Abstract
One of the main advantages of a micro is the chance we have of communicating with it via serial port.
In this article, and next we will have an idea of what we can do, and some of the tools I have found interesting to interact with a microcontrollers, involving internet ...
Unless a micro is programmed with a standalone implementation, ie, that its operation is limited to actions that do not depend on external interaction (beyond digital or analog inputs) is not necessary to implement the mechanisms that this article describes. It is true that many applications do not require microcontrollers to get outside the inner environment, but it is increasingly common to think of communication as a tool of interaction with applications designed for these environments. Consider the following example.
...
Arduino microcontroller communication type
If we have a house with panoramic windows (these that open by sliding horizontally), such that a person can enter smoothly through when opened, and we often like to go on vacation, we will have a security problem. The probability of breaking into our home at that time in the house alone is very high.
For someone who wants to design your security system, first of all probably think of placing motion sensors to trigger a very noisy alarm when an intrusion into the residence is detected.This may be a solution, but the alarm will alert only to the immediate surroundings of the house, and intruders.
But we can also think of a silent security system emiting an alarm message to the house's owner via the Internet, sending a text message alert to a receiving means, either email, client chat (IM) or twitter!.
Another example of remote communication is the possibility of creating a system that could controls lights or appliances in our home. These can be automated from the microcontroller defining scheduled events for turning on or off lights, moving a sun-oriented solar cell efficiently, to power a window for the entry of light according to ambient brightness or just turn on air conditioning in our room near the hour of our arrival.
With this last example, what if we come home early?. We could communicate with our microcontroller using the cellular using our messenger by sending a message like the following:
AC: turn on
In this way, and through the proper software, this message can be received and executed online.
To perform tasks like explained above, we must start from the simple to the complex. The first thing to know is that with microcontrollers like the Arduino, pinguino, teensy, etc.. we can communicate to a server via serial port .

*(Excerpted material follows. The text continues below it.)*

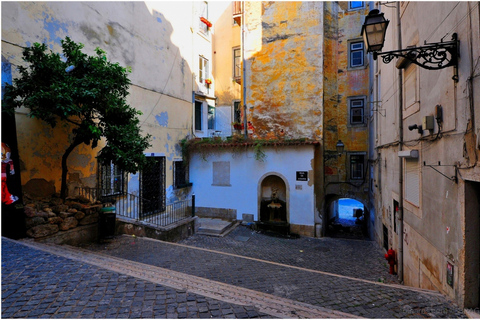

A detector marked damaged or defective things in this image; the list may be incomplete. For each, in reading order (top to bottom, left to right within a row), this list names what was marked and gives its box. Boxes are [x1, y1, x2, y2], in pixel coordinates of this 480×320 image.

peeling plaster wall [2, 1, 193, 198]
peeling plaster wall [244, 1, 326, 140]
peeling plaster wall [374, 2, 480, 308]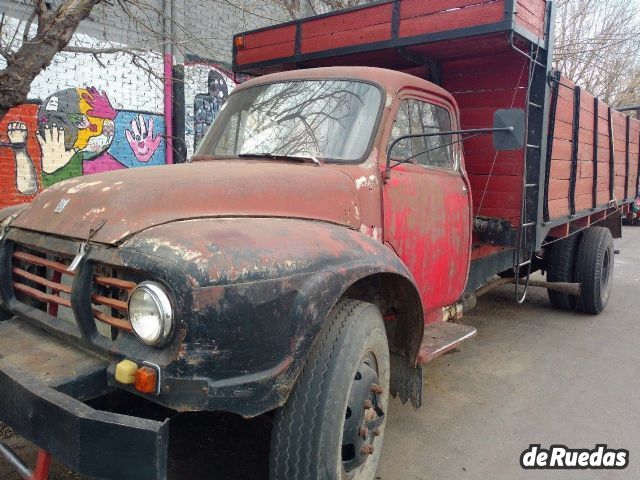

With arduino or teensy serial communication is established via USB interface from which we have to connect the microcontroller to the computer. Once serial port is initialized from the microcontroller environments, linux / unix directory is mapped to / dev / ttyXXXn that will give us the opportunity to send or receive information.
The following code, using Arduino, defines the sequential output of a message to our computer's serial port.
int i = 0;
void setup ()
{
Serial.begin (9600);
}
void loop ()
{
Serial.print ("test message");
Serial.println (++ i);
delay (1000);
}
In block setup () we initialize the serial port to 9600 baud with Serial.begin (9600). In the block loop () we send the message via serial port followed by a number sequencially updated by ++ i.
From the computer we will see this output if we properly interrogate the port mapping in /dev/ttyACMn.Where n> = 0.
For this example the port was mapped to / dev/ttyACM0. In my case I use ubuntu, but for any Linux / MAC should be very similar.
When the microcontroller is plugged into any USB port on our computer it can be accessed via command line from a terminal or through a program made for this purpose. A third option is to create our own program of reading and / or writing to the serial port. This last option is appropriate if we want to interact withthe microcontroller to get information or instruct it to perform any action.
For our simple example, we can initially examine the serial port using the tool that comes with the Arduino IDE or through gtkterminal or minicom.
VIDEO: Serial Communication 1
From the microcontroller you can also read from the serial port so there is the posibility to make decisions and run actions according to the input.
The following program simply read the serial input and return the string obtained by detecting the end of line.
char character;
byte i = 0;
char string [100];
void setup ()
{
Serial.begin (9600);
}
void loop ()
{
if (Serial.available ())
{
caracter=Serial.read();
if (character == 10)
{
string [i ++]=' \ 0 ';
i = 0;
Serial.println (string);
}
else
string [i ++] = character;
}
}
In setup() block we initialize the port, then in the loop() block we check for the port buffer using Serial.available ().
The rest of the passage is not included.